*** Stored data Section Begins ***
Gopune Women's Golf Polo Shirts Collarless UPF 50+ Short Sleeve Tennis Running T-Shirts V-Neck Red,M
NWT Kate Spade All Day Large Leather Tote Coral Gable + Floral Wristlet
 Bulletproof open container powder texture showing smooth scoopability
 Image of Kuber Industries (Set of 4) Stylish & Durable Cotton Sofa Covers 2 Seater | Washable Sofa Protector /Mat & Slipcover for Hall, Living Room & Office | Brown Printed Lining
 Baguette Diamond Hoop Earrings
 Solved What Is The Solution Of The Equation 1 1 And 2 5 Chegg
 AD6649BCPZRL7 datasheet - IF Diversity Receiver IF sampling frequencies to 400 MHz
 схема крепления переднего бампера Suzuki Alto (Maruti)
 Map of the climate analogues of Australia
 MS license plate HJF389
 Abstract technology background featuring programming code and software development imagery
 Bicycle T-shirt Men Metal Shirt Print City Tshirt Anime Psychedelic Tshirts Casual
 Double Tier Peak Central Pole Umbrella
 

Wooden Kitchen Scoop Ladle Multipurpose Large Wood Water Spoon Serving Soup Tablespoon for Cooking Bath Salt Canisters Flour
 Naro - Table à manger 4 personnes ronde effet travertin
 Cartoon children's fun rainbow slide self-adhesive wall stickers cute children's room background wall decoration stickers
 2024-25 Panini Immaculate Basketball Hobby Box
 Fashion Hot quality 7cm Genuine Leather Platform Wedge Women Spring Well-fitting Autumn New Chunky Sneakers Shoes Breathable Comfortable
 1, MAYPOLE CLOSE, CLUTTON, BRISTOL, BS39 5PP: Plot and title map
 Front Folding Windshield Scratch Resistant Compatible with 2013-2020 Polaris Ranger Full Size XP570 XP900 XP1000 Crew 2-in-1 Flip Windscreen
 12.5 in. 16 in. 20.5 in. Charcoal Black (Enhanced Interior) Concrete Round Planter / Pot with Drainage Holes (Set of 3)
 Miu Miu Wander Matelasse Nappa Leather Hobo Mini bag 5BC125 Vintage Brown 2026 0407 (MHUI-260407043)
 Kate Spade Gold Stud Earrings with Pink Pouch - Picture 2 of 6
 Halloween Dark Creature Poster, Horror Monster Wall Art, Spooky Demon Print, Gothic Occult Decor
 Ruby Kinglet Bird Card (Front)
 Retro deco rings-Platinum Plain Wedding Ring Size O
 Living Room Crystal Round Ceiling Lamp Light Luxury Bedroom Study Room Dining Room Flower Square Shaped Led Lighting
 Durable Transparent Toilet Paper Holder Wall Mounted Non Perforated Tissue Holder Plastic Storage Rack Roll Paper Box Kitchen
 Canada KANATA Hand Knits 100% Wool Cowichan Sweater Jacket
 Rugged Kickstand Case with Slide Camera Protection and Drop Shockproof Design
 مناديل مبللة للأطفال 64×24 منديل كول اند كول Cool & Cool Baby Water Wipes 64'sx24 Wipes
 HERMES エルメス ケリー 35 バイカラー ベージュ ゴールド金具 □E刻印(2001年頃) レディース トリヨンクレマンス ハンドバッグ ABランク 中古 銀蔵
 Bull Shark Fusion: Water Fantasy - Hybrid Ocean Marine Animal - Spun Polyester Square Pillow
*** Stored data Section Ends ***
### Exercise goal
From the records above, print only the lines between the one holding "1, MAYPOLE CLOSE, CLUTTON, BRISTOL, BS39" and the one holding "Kate Spade Gold", inclusive, exactly as they stand.

### Solution to the exercise
 1, MAYPOLE CLOSE, CLUTTON, BRISTOL, BS39 5PP: Plot and title map
 Front Folding Windshield Scratch Resistant Compatible with 2013-2020 Polaris Ranger Full Size XP570 XP900 XP1000 Crew 2-in-1 Flip Windscreen
 12.5 in. 16 in. 20.5 in. Charcoal Black (Enhanced Interior) Concrete Round Planter / Pot with Drainage Holes (Set of 3)
 Miu Miu Wander Matelasse Nappa Leather Hobo Mini bag 5BC125 Vintage Brown 2026 0407 (MHUI-260407043)
 Kate Spade Gold Stud Earrings with Pink Pouch - Picture 2 of 6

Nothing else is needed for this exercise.